(Stored entries)
== == ==
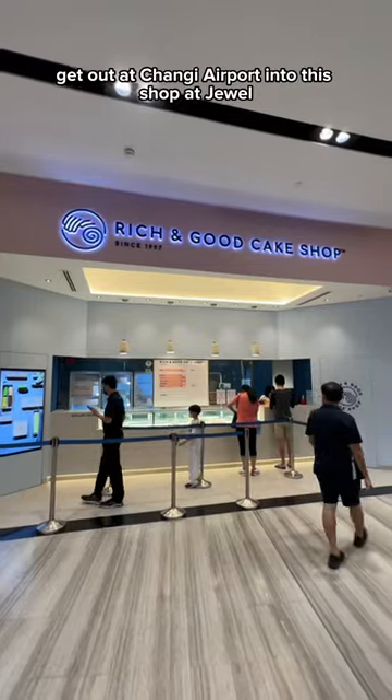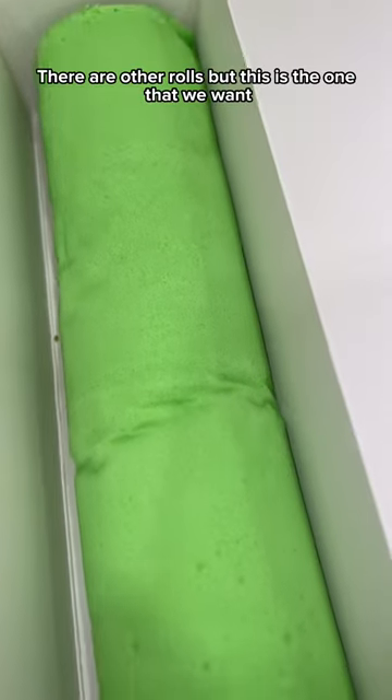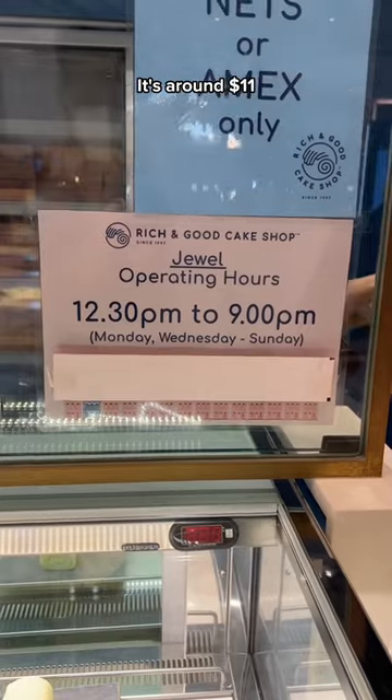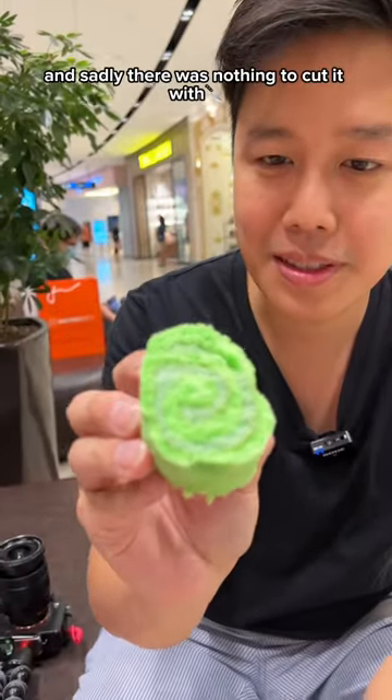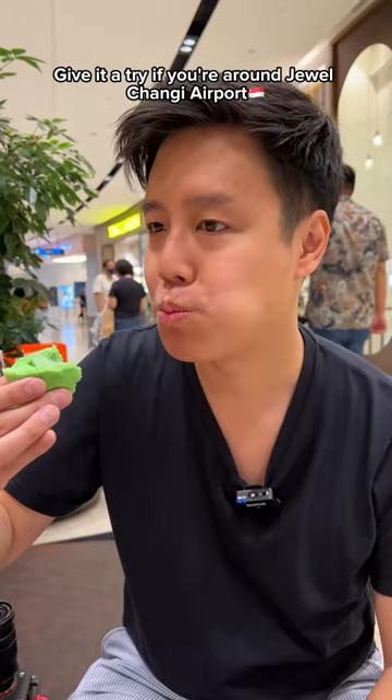If you're ever transiting Singapore, get out of Changi Airport into this shop at Jewel that makes a nice Kaya Swiss roll. There are other rolls, but this is the one that we want. It's around $11, and sadly, there was nothing to cut it with — I guess my hand will do. This is a Rich and Good Cake Shop. Give it a try if you're around Jewel.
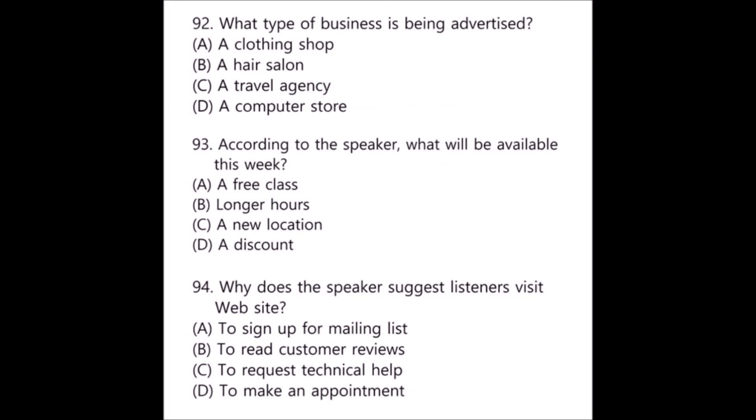Questions 92 through 94 refer to the following advertisement. Hurry into Kids Spring Unlimited this week to take advantage of our huge summer sale! Boys and girls summer styles are now half price — receive 50% off all in-store purchases this week only. You can save on the latest fashions whether you're preparing for a party or a trip to the beach. To receive inside information about our newest offers, please sign up to be added to our mailing list at www.kidspring.com. Number 92: What type of business is being advertised? Number 93: According to the speaker, what will be available this week? Number 94: Why does the speaker suggest listeners visit the website?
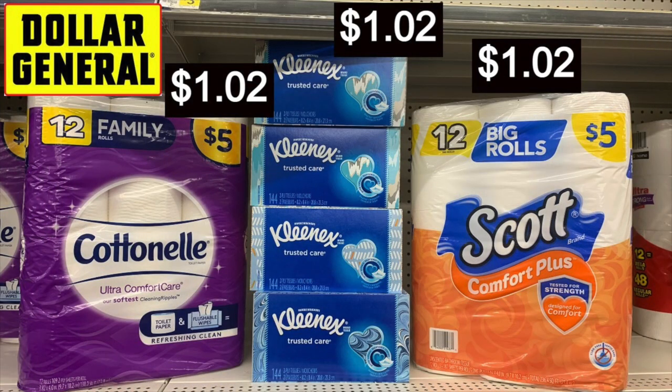Hey guys, Running Kimono here. We're going to talk about the best paper deals over at Dollar General for the week of the 14th to the 20th. Some of the stuff I'm going to show you in this video you can do any day, and then we're going to do a deal with the Saturday five off of twenty-five.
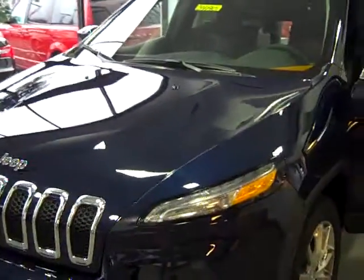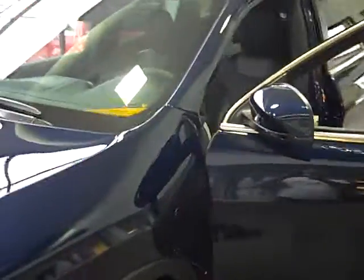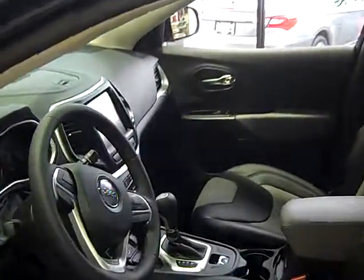This is the all-new 2014 Jeep Cherokee. Classic Jeep design with a definite European influence, the 2014 Grand Cherokee is the ultimate midsize SUV.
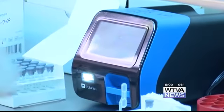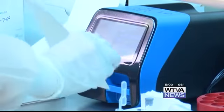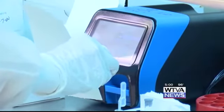Dr. Huxford says rapid test results are also used in the emergency room for admissions, to know where to place a patient in the hospital.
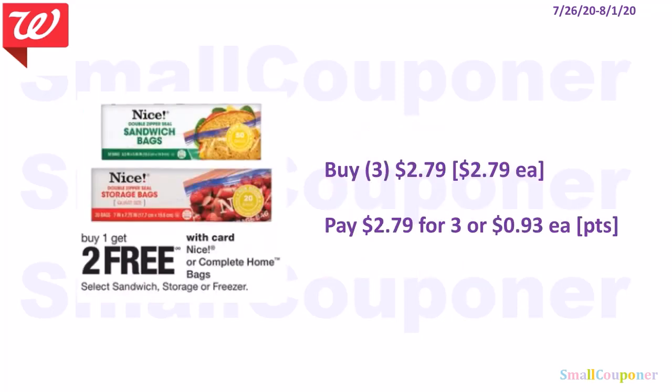The Nice sandwich bags are buy one, get two free. The sandwich bags are $2.79, so you'll buy one at $2.79 and the other two will be free — that's $2.79 for three or $0.93 each. If you are doing this deal alone, you can use your points to pay for it.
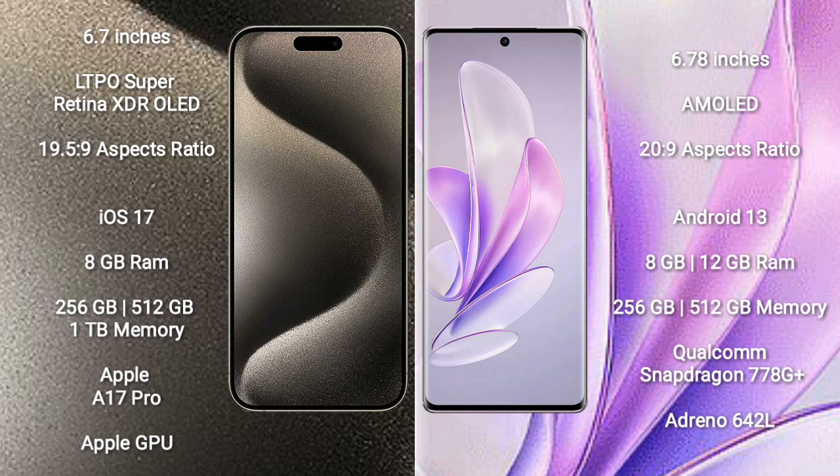iPhone 15 Pro Max runs on the iOS 17 operating system. Vivo S70 runs on the Android 13 operating system.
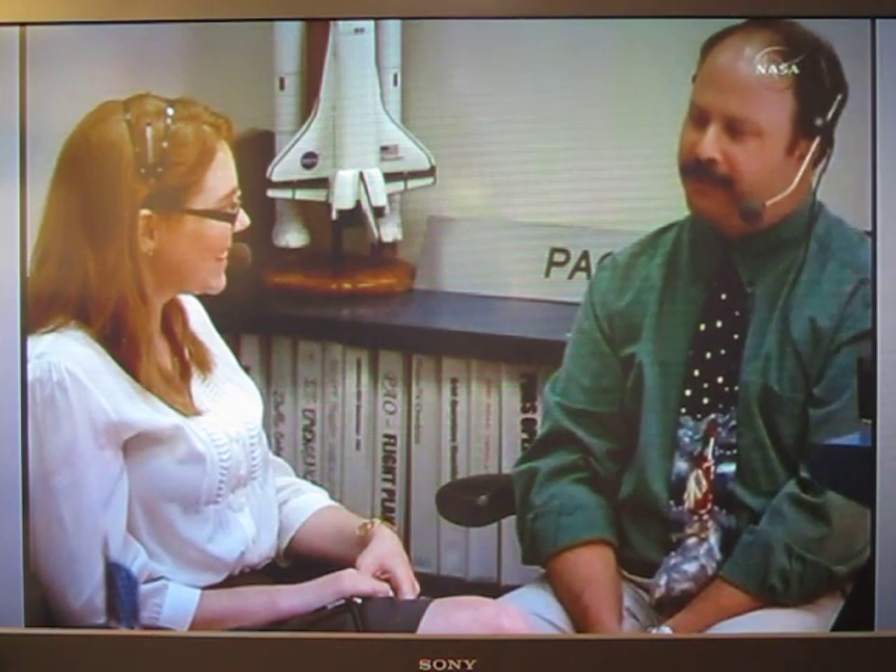I've got one story I can tell in public. From time to time, Fergie, the commander, would come down and talk to our team lead and say he wanted us to run a particular malfunction or case for the crew. So Fergie knows what's going on, the rest of the crew doesn't, and he would always tell us to reveal at the end that he was the one who requested that case.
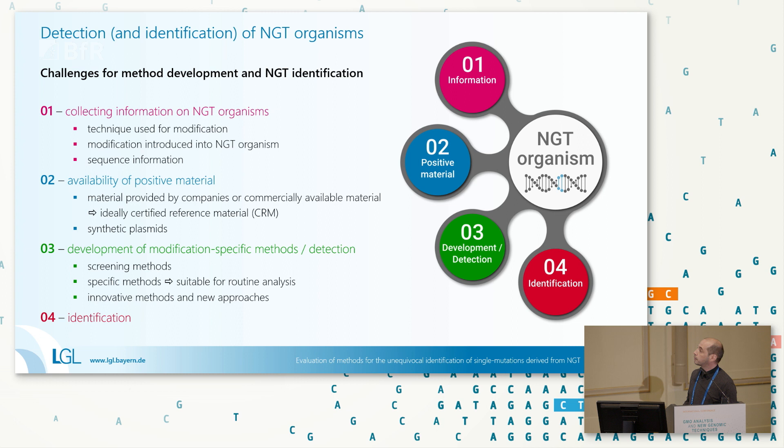From that starting point, you can develop modification-specific detection methods. Screening methods are quite tricky since we don't have common genetic elements incorporated into NGTs. I'll show on the next slide a first attempt to develop a screening method for at least CRISPR-based detection. Then we have the development of specific detection methods suitable for routine analysis, which must also comply with ENGL requirements. But we've also found that we may need to think outside the box beyond classical qPCR and digital PCR applications — we have to apply innovative methods and new approaches, which I'll present in a few minutes.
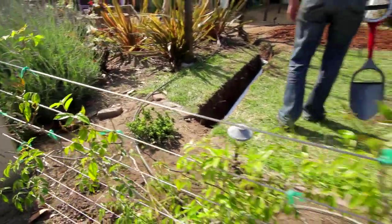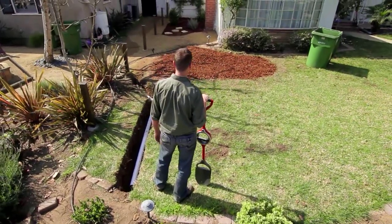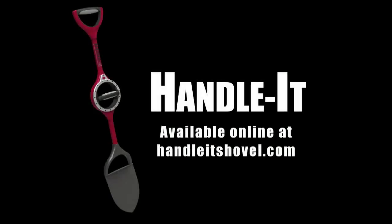Experience for yourself the difference between getting the job done and getting the job done right. Inspired by what's possible, nothing says efficiency through innovation like the Handlerick shovel.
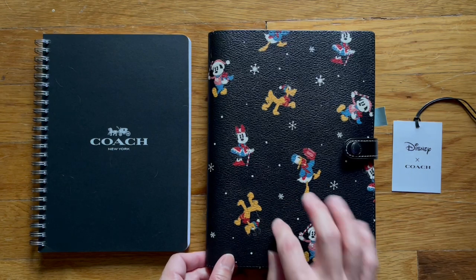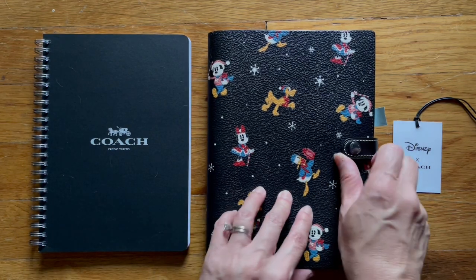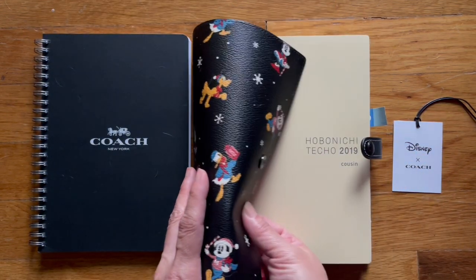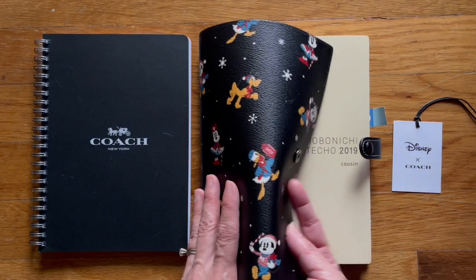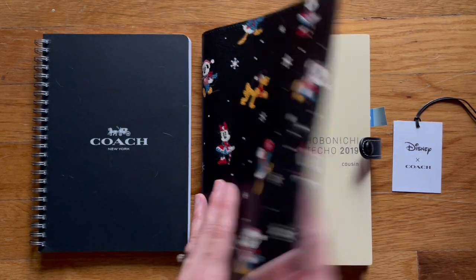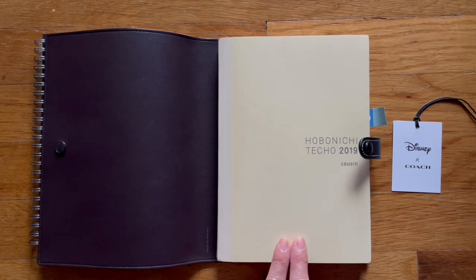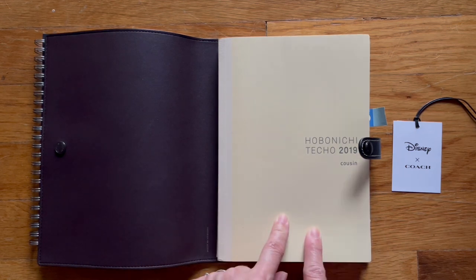So it's kind of scratchy, and this came with the planner. Let me show you so you can see how kind of flimsy it is — it's not really stable, strong, or firm. I plan to use it for my Hobonichi cousin, so it can hold an A5 size notebook.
== == ==
## Task statement
Set down the entries above word for word, but drop any image.

## Exercise result
If you're ever transiting Singapore, get out of Changi Airport into this shop at Jewel that makes a nice Kaya Swiss roll. There are other rolls, but this is the one that we want. It's around $11, and sadly, there was nothing to cut it with — I guess my hand will do. This is a Rich and Good Cake Shop. Give it a try if you're around Jewel.
Questions 92 through 94 refer to the following advertisement. Hurry into Kids Spring Unlimited this week to take advantage of our huge summer sale! Boys and girls summer styles are now half price — receive 50% off all in-store purchases this week only. You can save on the latest fashions whether you're preparing for a party or a trip to the beach. To receive inside information about our newest offers, please sign up to be added to our mailing list at www.kidspring.com. Number 92: What type of business is being advertised? Number 93: According to the speaker, what will be available this week? Number 94: Why does the speaker suggest listeners visit the website?
Hey guys, Running Kimono here. We're going to talk about the best paper deals over at Dollar General for the week of the 14th to the 20th. Some of the stuff I'm going to show you in this video you can do any day, and then we're going to do a deal with the Saturday five off of twenty-five.
This is the all-new 2014 Jeep Cherokee. Classic Jeep design with a definite European influence, the 2014 Grand Cherokee is the ultimate midsize SUV.
Dr. Huxford says rapid test results are also used in the emergency room for admissions, to know where to place a patient in the hospital.
The Nice sandwich bags are buy one, get two free. The sandwich bags are $2.79, so you'll buy one at $2.79 and the other two will be free — that's $2.79 for three or $0.93 each. If you are doing this deal alone, you can use your points to pay for it.
iPhone 15 Pro Max runs on the iOS 17 operating system. Vivo S70 runs on the Android 13 operating system.
I've got one story I can tell in public. From time to time, Fergie, the commander, would come down and talk to our team lead and say he wanted us to run a particular malfunction or case for the crew. So Fergie knows what's going on, the rest of the crew doesn't, and he would always tell us to reveal at the end that he was the one who requested that case.
From that starting point, you can develop modification-specific detection methods. Screening methods are quite tricky since we don't have common genetic elements incorporated into NGTs. I'll show on the next slide a first attempt to develop a screening method for at least CRISPR-based detection. Then we have the development of specific detection methods suitable for routine analysis, which must also comply with ENGL requirements. But we've also found that we may need to think outside the box beyond classical qPCR and digital PCR applications — we have to apply innovative methods and new approaches, which I'll present in a few minutes.
Experience for yourself the difference between getting the job done and getting the job done right. Inspired by what's possible, nothing says efficiency through innovation like the Handlerick shovel.
So it's kind of scratchy, and this came with the planner. Let me show you so you can see how kind of flimsy it is — it's not really stable, strong, or firm. I plan to use it for my Hobonichi cousin, so it can hold an A5 size notebook.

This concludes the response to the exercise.